Web page caption snippets:
Start of Block
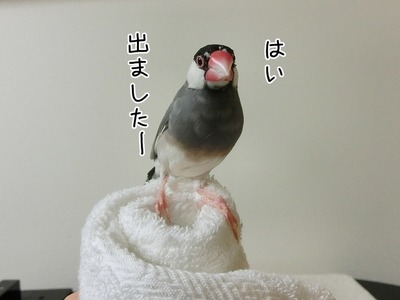 s-CIMG1037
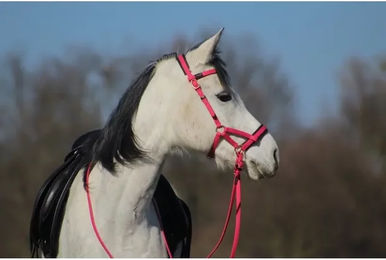 Produktbild von Zaumzeug Reiten T de T Sidepull Biotack®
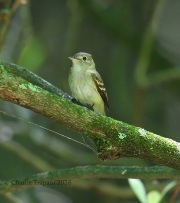 6S3A6463Acadian_Flycatcher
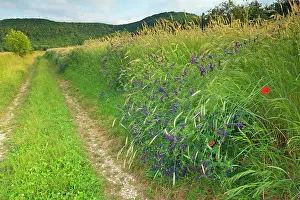 Vetch: Country Track along grain fields and Boreal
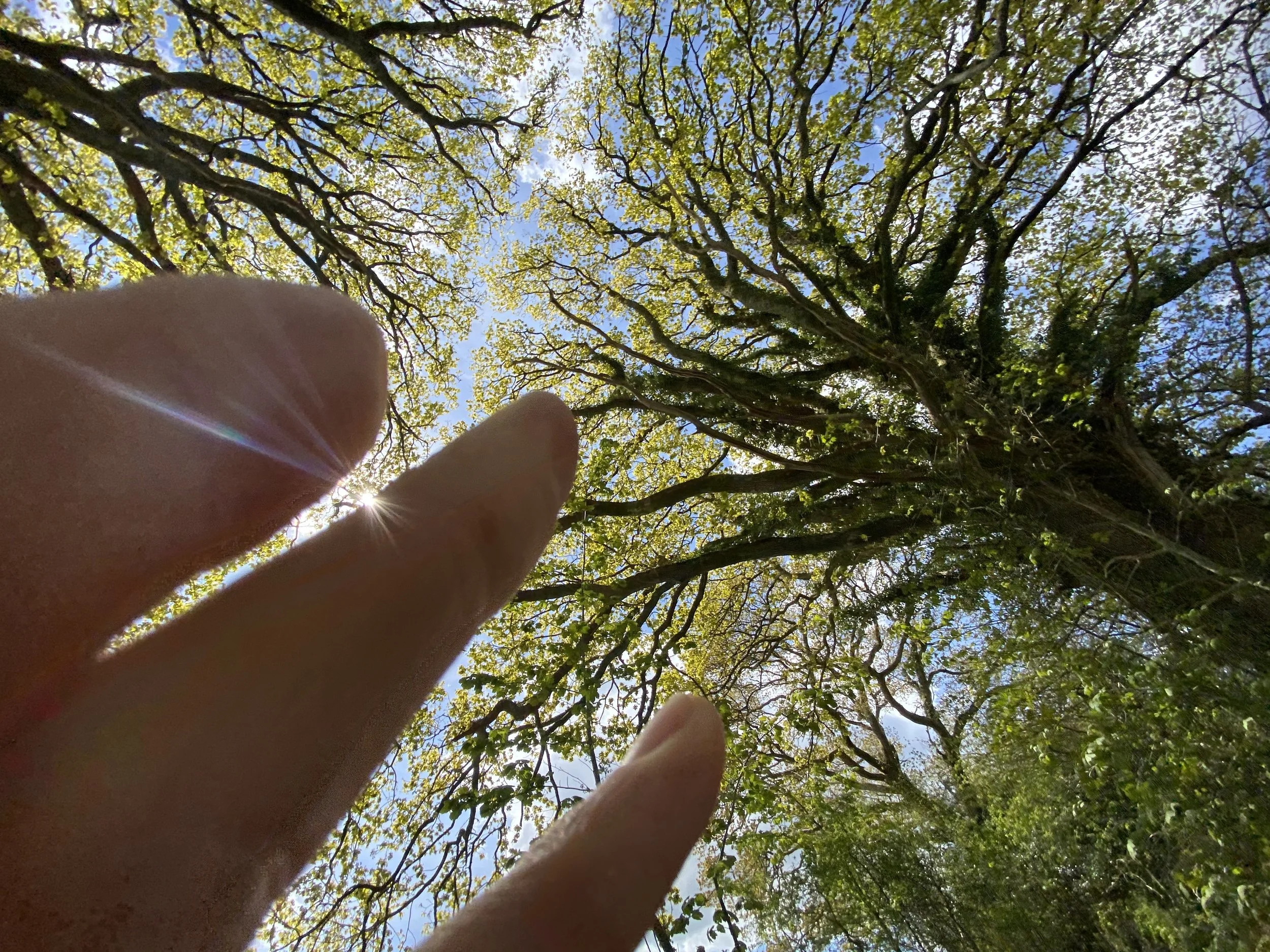 FREE: Somatic Breathwork Introductory session - Online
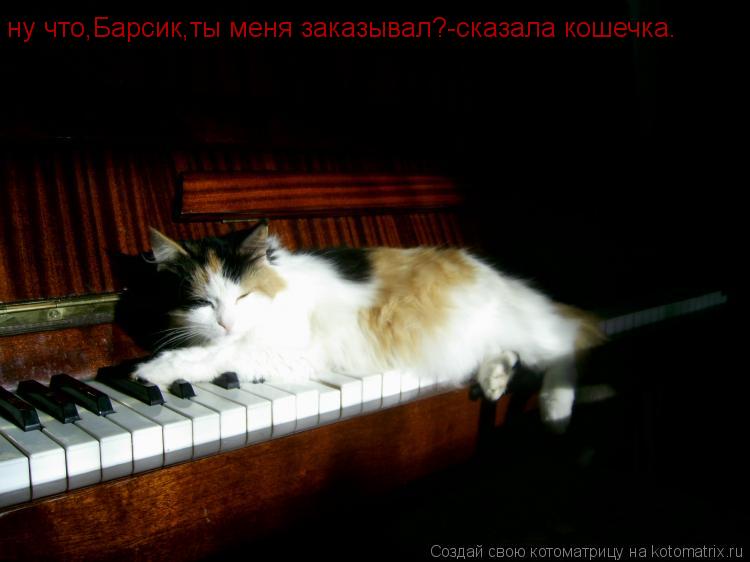 ну что,Барсик,ты меня заказывал?-сказала кошечка.... Котоматрица: ну что,Барсик,ты меня заказывал?-сказала кошечка.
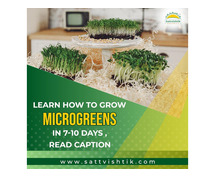 Fresh Organic Microgreens Delivered to Your Door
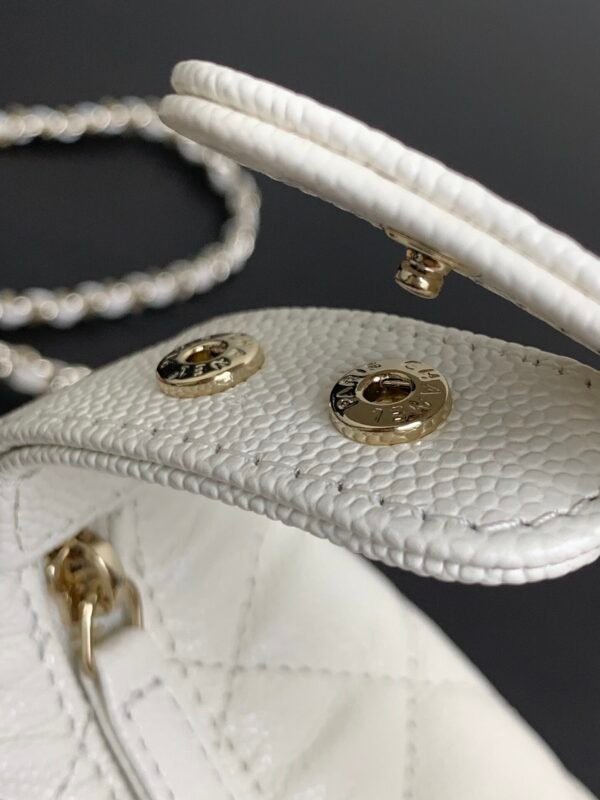 Brand New Chanel 25c Hobo Bag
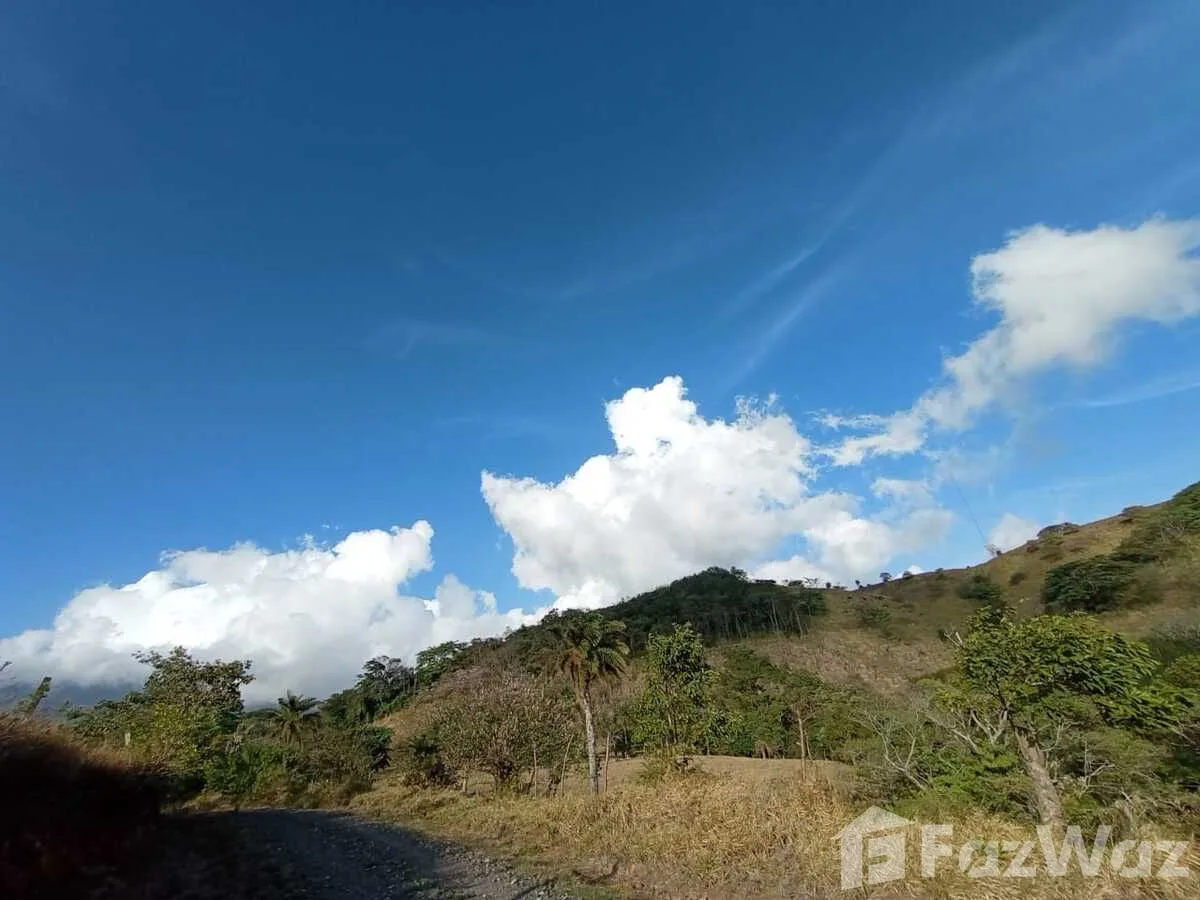 Land for Sale in Tilaran, Guanacaste for $1,000,000, photo 5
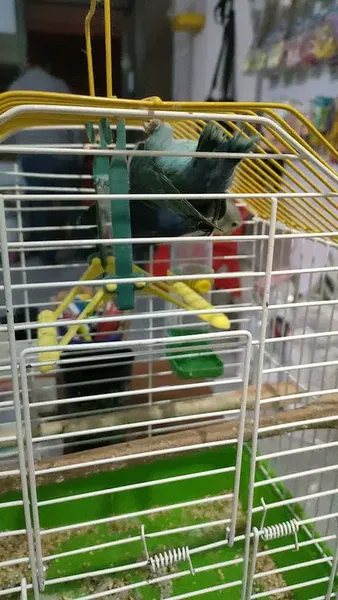 Eva petshop - Photo 2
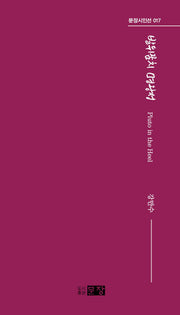 발뒤꿈치 명왕성(문장시인선 17)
End of Block
- WHAT YOU HAVE TO DO
What is needed is a verbatim copy of every entry, with the pictures omitted.

- ANSWER BOX
 s-CIMG1037
 Produktbild von Zaumzeug Reiten T de T Sidepull Biotack®
 6S3A6463Acadian_Flycatcher
 Vetch: Country Track along grain fields and Boreal
 FREE: Somatic Breathwork Introductory session - Online
 ну что,Барсик,ты меня заказывал?-сказала кошечка.... Котоматрица: ну что,Барсик,ты меня заказывал?-сказала кошечка.
 Fresh Organic Microgreens Delivered to Your Door
 Brand New Chanel 25c Hobo Bag
 Land for Sale in Tilaran, Guanacaste for $1,000,000, photo 5
 Eva petshop - Photo 2
 발뒤꿈치 명왕성(문장시인선 17)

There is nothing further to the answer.